Shih Huang Ti había desterrado a su madre por libertina; en su dura justicia, los ortodoxos no vieron otra cosa que una impiedad; Shih Huang Ti, tal vez, quiso abolir todo el pasado para abolir un solo recuerdo: la infamia de su madre. Esta conjetura es atendible, pero nada nos dice de la muralla, de la segunda cara del mito. Shih Huang Ti, según los historiadores, prohibió que se mencionara la muerte y buscó el elixir de la inmortalidad y se recluyó en un palacio figurativo, que constaba de tantas habitaciones como hay días en el año; estos datos sugieren que la muralla en el espacio y el incendio en el tiempo fueron barreras mágicas destinadas a detener la muerte. “Todas las cosas quieren persistir en su ser”, ha escrito Baruch Spinosa; quizá el Emperador y sus magos creyeron que la inmortalidad es intrínseca y que la corrupción no puede entrar en un orbe cerrado. Quizá el Emperador quiso recrear el principio del tiempo y se llamó Primero, para ser realmente primero, y se llamó Huang Ti, para ser de algún modo Huang Ti, el legendario emperador que inventó la escritura y la brújula. Este, según el Libro de los Ritos, dio su nombre verdadero a las cosas; parejamente Shih Huang Ti se jactó, en inscripciones que perduran, de que todas las cosas, bajo su imperio, tuvieran el nombre que les conviene. Soñó fundar una dinastía inmortal; ordenó que sus herederos se llamaran Segundo Emperador, Tercer Emperador, Cuarto Emperador, y así hasta el infinito… He hablado de un propósito mágico; también cabría suponer que erigir la muralla y quemar los libros no fueron actos simultáneos. Esto (según el orden que eligiéramos) nos daría la imagen de un rey que empezó por destruir y luego se resignó a conservar, o la de un rey desengañado que destruyó lo que antes defendía. Ambas conjeturas son dramáticas, pero carecen, que yo sepa, de base histórica. Herbert Allen Giles cuenta que quienes ocultaron libros fueron marcados con un hierro candente y condenados a construir, hasta el día de su muerte, la desaforada muralla.

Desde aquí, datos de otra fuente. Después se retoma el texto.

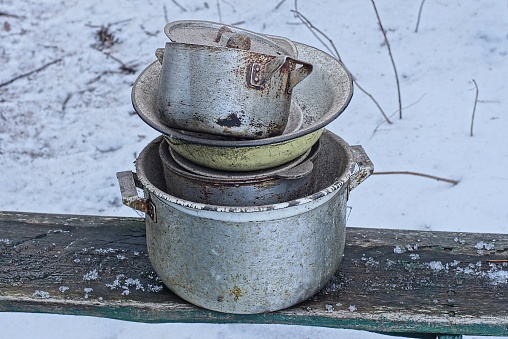 part on a old dirty metal bowls and pans stand on a wooden bench in white snow on a winter street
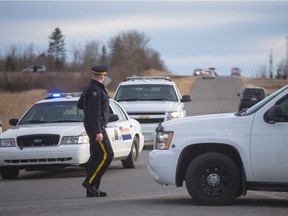 An RCMP officer walks past police vehicles blocking the road towards the Muslim Cemetery outside of Cochrane on Friday, March 11, 2016.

Esta noticia favorece o tolera otra interpretación. Acaso la muralla fue una metáfora, acaso Shih Huang Ti condenó a quienes adoraban el pasado a una obra tan vasta como el pasado, tan torpe y tan inútil. Acaso la muralla fue un desafío y Shih Huang Ti pensó: “Los hombres aman el pasado y contra ese amor nada puedo, ni pueden mis verdugos, pero alguna vez habrá un hombre que sienta como yo, y ese destruirá mi muralla, como yo he destruido los libros, y ese borrara mi memoria y será mi sombra y mi espejo y no lo sabrá.” Acaso Shih Huang Ti amuralló el imperio porque sabía que este era deleznable y destruyó los libros por entender que eran libros sagrados, o sea libros que enseñan lo que enseña el universo entero o la conciencia de cada hombre. Acaso el incendio de las bibliotecas y la edificación de la muralla son operaciones que de un modo secreto se anulan. (Jorge Luis Borges, “Otras inquisiciones”).